Scholarships are available to cover a portion of the costs.
Interested students should direct all inquiries to Dr. DeNapoli, Department Chair: a.denapoli@tcu.edu.
The Daryl D. Schmidt Lectureship on Religion in Public Life
The Daryl D. Schmidt Lectureship on Religion in Public Life commemorates the life and work of a longtime TCU religion professor and New Testament scholar who believed that scholars should and can make a difference in society.
In 2025, the TCU Religion Department hosted the Daryl D. Schmidt Lectureship on Religion in Public Life, with guest speaker Dr. Kate Bowler, Professor of American Religious History at Duke University, delivering a lecture titled “The Gospel of Self-Help.”
Kate Bowler, Ph.D.
Dr. Bowler is a four-time New York Times bestselling author, including her book Everything Happens For A Reason (and Other Lies I've Loved). She is an award-winning podcast host, has two honorary doctorates, an award from Yale University for service to theological education, and seven books to her credit.
In 2023, the TCU Religion Department hosted the Daryl D. Schmidt Lectureship on Religion in Public Life, with guest speaker Dr. Cornel West and Dr. Robert George. Dr. West is the Dietrich Bonhoeffer Chair at Union Theological Seminary, Professor Emeritus at Princeton University and Professor of the Practice of Public Philosophy at Harvard University. Dr. George is the McCormick Professor of Jurisprudence ar Princeton University, the director of Princeton's James Madison Program in American Ideals and Institutions (including Harvard Law School, and Pepperdine University) and is a visiting professor at Harvard Law School. The two distinguished professors delivered a lecture titled "The Truth-Seeking Mission of the University."

Cornel West, Ph.D.
Dr. Cornel West, affectionately known to many as Brother West, is the Dietrich Bonhoeffer Chair at Union Theological Seminary. Dr. West teaches on the works of Dietrich Bonhoeffer, as well as courses in Philosophy of Religion, African American Critical Thought, and a wide range of subjects -- including but by no means limited to, the classics, philosophy, politics, cultural theory, literature, and music. He has a passion to communicate to a vast variety of publics in order to keep alive the legacy of Martin Luther King, Jr. – a legacy of telling the truth and bearing witness to love and justice.
Robert P. George, Ph.D.
Dr. George is the McCormick Professor of Jurisprudence and the Director of the James Madison Program in American Ideals and Institutions at Princeton University. The author of many books and articles, Dr. George specializes in the areas of the philosophy of law, constitutional interpretation, civil liberties, moral and political philosophy, bioethics and law and religion. A widely respected thinker, he holds twenty-two honorary doctorates. Dr. George is committed to honest conversations about the Life Questions in the unflinching pursuit of truth.
About Daryl D. Schmidt
During his 28-year career at TCU, Dr. Schmidt often quoted the words of a Texas minister, who said to him when he first arrived: “You can take the Bible literally or you can take it seriously.” Daryl took the Bible seriously, believed that his work as a scholar deepened his own faith and shared his vision of scripture willingly and tirelessly with countless Sunday school classes, weekend workshops, seminars and monthly study groups.

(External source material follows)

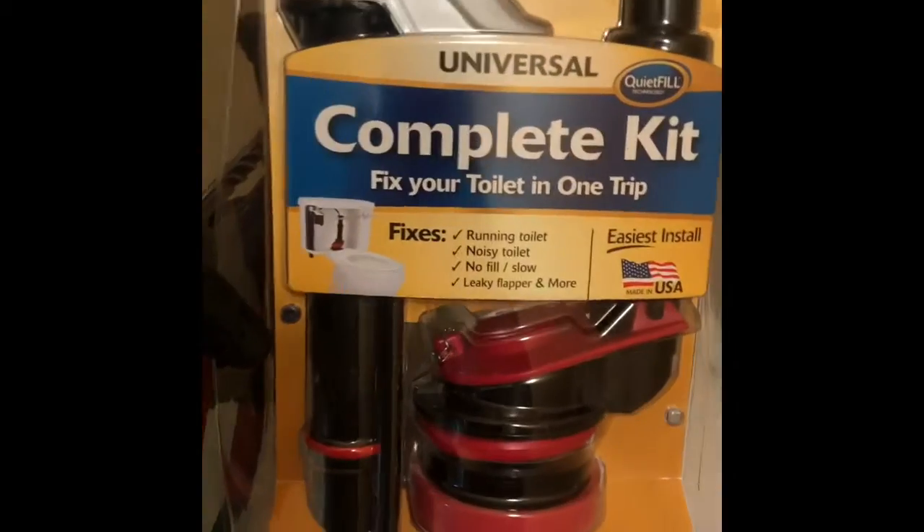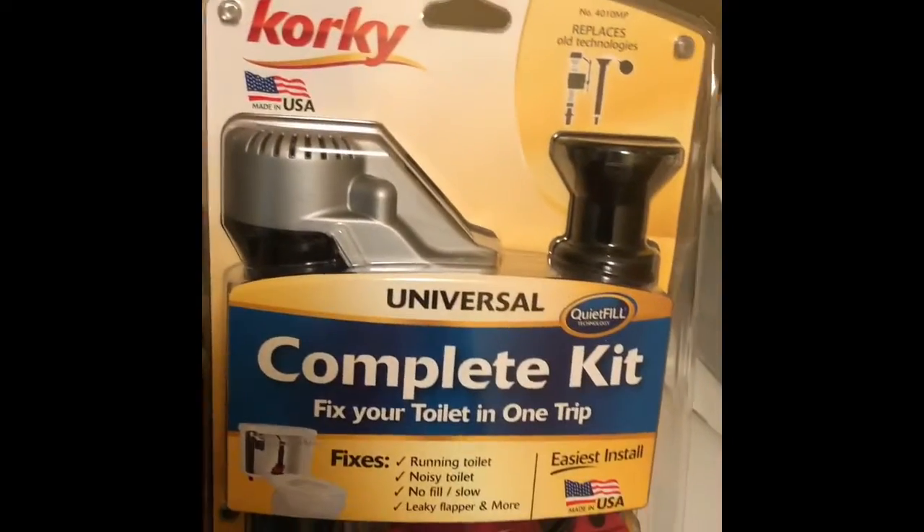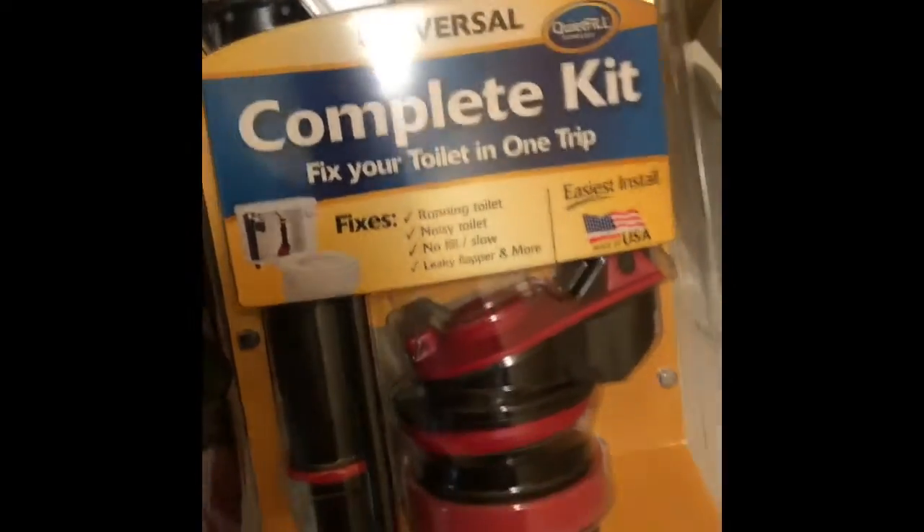I'm changing the toilet insides right now, going to replace them. Installing the new parts — I'll put this one in and take this one out. Fresh ducts, unscrew these bolts underneath.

His German Mennonite roots, where faith is inseparable from community, and his egalitarian spirit stayed with him throughout his life. The establishment of this lecture series continues his legacy by deeply engaging the questions of faith and reaching out into the public places where Daryl Schmidt lived his life and shared his passion for taking the Bible seriously.
The content of Jesus’ ethical teachings is noticeably absent from most descriptions of what Christians say they believe about Jesus. For example, “turn the other cheek” and “give the shirt off your back to anyone who asks for it” are seldom on anyone’s top ten list of most important things to believe about Jesus.